A very long, straight wire has charge per unit length $3.20\times {10}^{-10}$ C/m. At what distance from the wire is the electric field magnitude equal to $2.50$ N/C?

A point charge $q_1=-4.00$ nC is at the point $x=0.600$ m, $y=0.800$ m, and a second point charge $q_2=+6.00$ nC is at the point $x=0.600$ m, $y=0$. Calculate the magnitude and direction of the net electric field at the origin due to these two point charges.

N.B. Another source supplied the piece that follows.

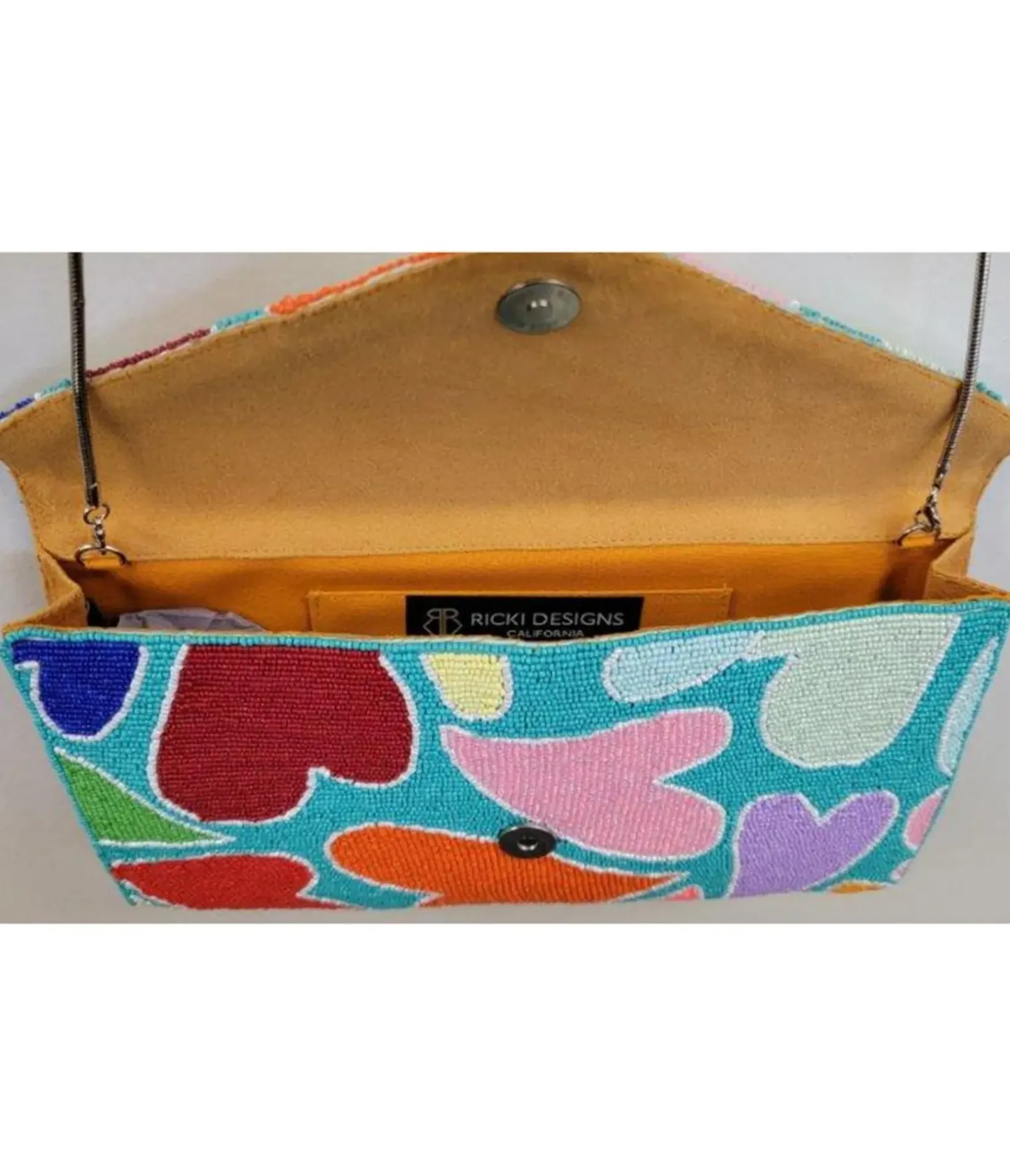 Unique Vintage Novelty Bags>Rainbow Heart Beaded Clutch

A point charge is placed at each corner of a square with side length $a$. All charges have magnitude $q$. Two of the charges are positive and two are negative (Fig. E$21.42$). What is the direction of the net electric field at the center of the square due to the four charges, and what is its magnitude in terms of $q$ and $a$?

Point charges $q_1=-4.5$ nC and $q_2=+4.5$ nC are separated by $3.1$ mm, forming an electric dipole. The charges are in a uniform electric field whose direction makes an angle of $36.9$° with the line connecting the charges. What is the magnitude of this field if the torque exerted on the dipole has magnitude $7.2\times {10}^{-9}$ Nm?

An electric dipole with dipole moment $p$ is in a uniform external electric field $E$. Find the orientations of the dipole for which the torque on the dipole is zero.

An electric dipole with dipole moment $p$ is in a uniform external electric field $E$. Which of the orientations in part (a) is stable, and which is unstable? (Hint: Consider a small rotation away from the equilibrium position and see what happens.) Note: Part (a) asked to find the orientations of the dipole for which the torque on the dipole is zero.

A $-4.00$-nC point charge is at the origin, and a second $-5.00$-nC point charge is on the $x$-axis at $x = 0.800$ m. Find the net electric force that the two charges would exert on an electron placed at each point in part (a). Note: Part (a) asked to find the electric field (magnitude and direction) at each of the following points on the $x$-axis: (i) $x = 0.200$ m; (ii) $x = 1.20$ m; (iii) $x = -0.200$ m.